11-741 - Information Retrieval
Jamie Callan
Yiming Yang |
Due: Feb 11, 2010 |
Homework #2
Deadline Feb 11 11:59pm
In this homework, you will build a more efficient MapReduce (Hadoop) based indexer based on the Program 1 you build for HW1. You will also build a MapReduce based program that reads out inverted list fragments from a sharded index and merges them.

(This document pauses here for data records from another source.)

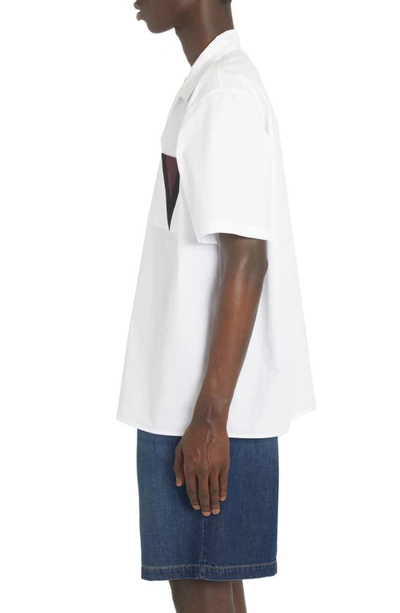 Shop Valentino Logo Patch Cotton Poplin Camp Shirt In Bianco/ Nero/ Bordeaux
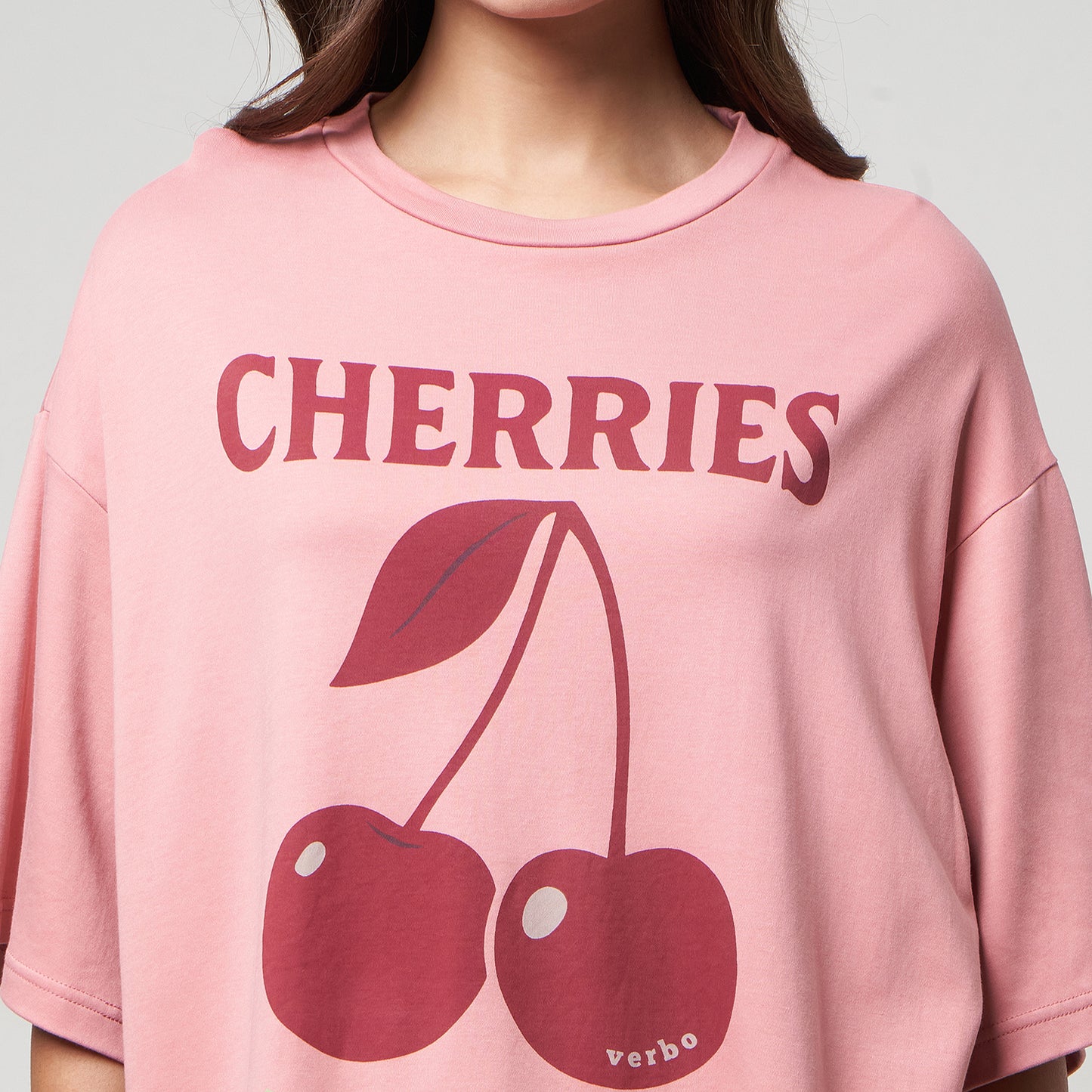 VERBO Cherries Boxy Oversized Tee - Ripe & Ready (Rose Tan)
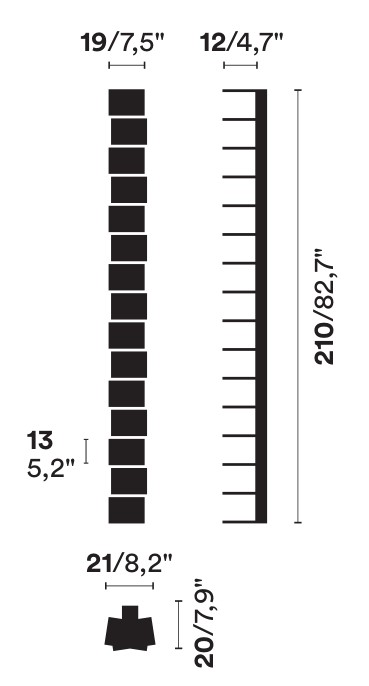 Ptolomeo Wall sizes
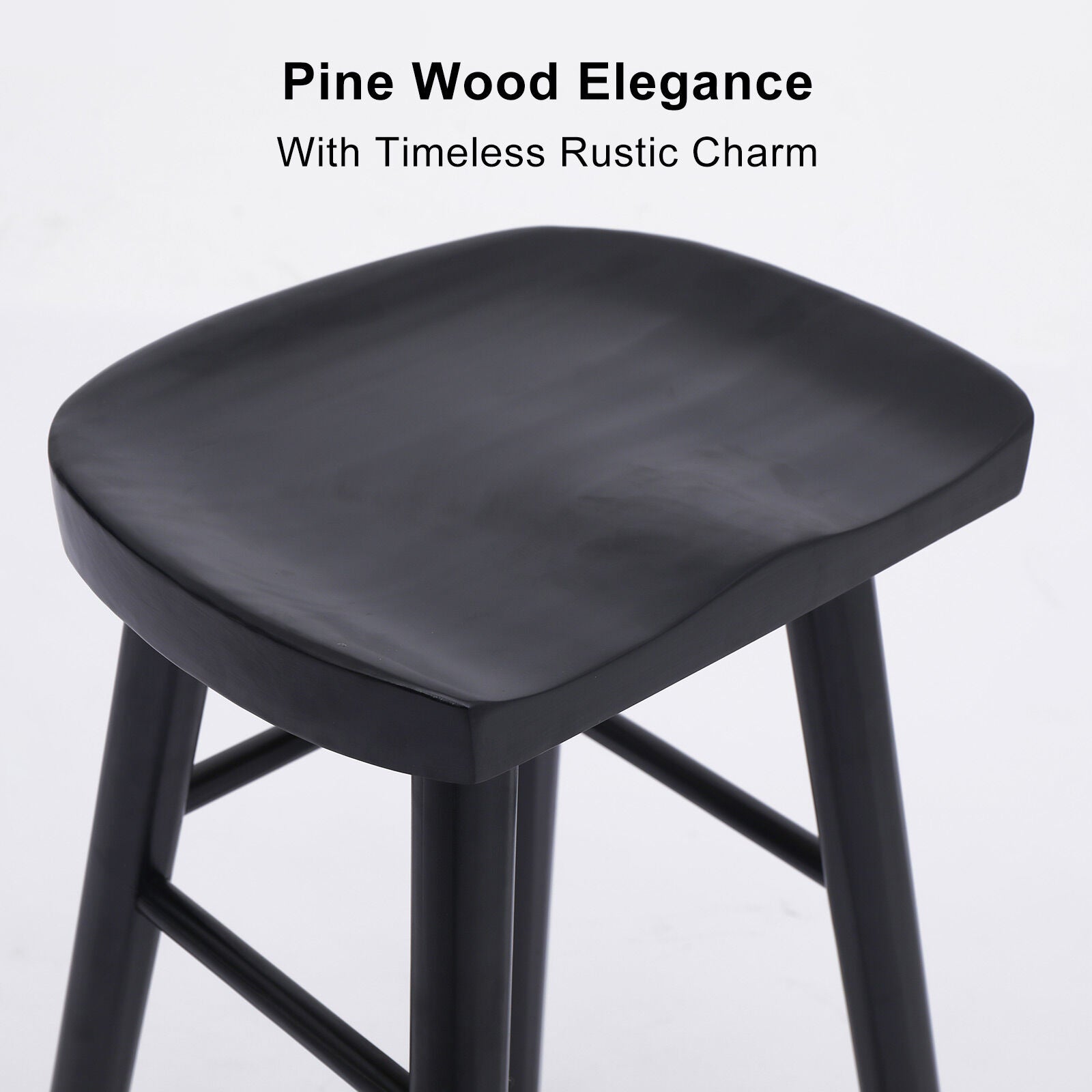 Jude (Set of 2) Wooden Bar Stools 65cm - Black - Homecoze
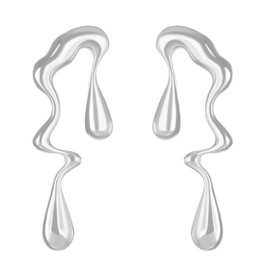 Irregular Waterdrop Earrings Asymmetrical Drop Earrings Vintage Exaggerated Hypoallergenic Melting Liquid Gold Statement Earrings for Women (Silver)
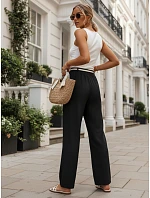 Dámské kalhoty s širokými nohavicemi, černé, FashionStreet UY3073 Dámské kalhoty s širokými nohavicemi, černé, FashionStreet UY3073
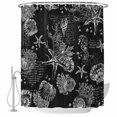 thumbnail image 2 of Shower Curtains for Bathroom, Black Coastal Waterproof Fabric Shower Curtain, Nautical Ocean Starfish Seashells Coral Decorative Bathroom Curtain for Bathtub, 66"x72", No Hooks Included, 2 of 9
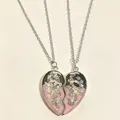 Parure de colliers cœur magnétique BFF avec pendentifs en résine pailletée - Style Pentagramme Papillon Dégradé Arc-en-ciel (#5)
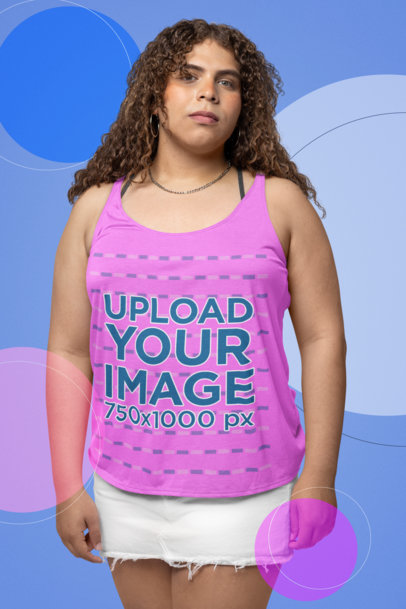 Mockup of a Curly-Haired Woman Posing in a Bella Canvas Tank Top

Expect the cluster to be busier (longer wait time) as it gets close to the deadline, so start early. Going large scale is not easy, you will need the time to debug on small datasets and scale to the large one. So work on the indexer RIGHT AWAY. And remember to leave 1 day for the report, it is credit heavy.
1. Learning points
- IR:
- simple sharded indexing
- more efficient sharded and positional indexing
- gathering statistics from a sharded index
- Large Scale:
- secondary sort (to produce sorted word-docno records for inverted indexing)
- efficient indexing in Hadoop
- reading from the output index
2. Hand in
- report:
- build a simple sharded indexer (Program 2) based on Program 1 from HW1,
- build an efficient positional indexer (Program 3) based on Programs 2,
- include timings for index construction (Program 2 and 3)
- You should vary the #map tasks and #reduce tasks a bit to see how the timing differs.
- and compare the timings for Program 2 and 3.
- show inverted lists for sample terms from the output indexes of both Program 2 and 3.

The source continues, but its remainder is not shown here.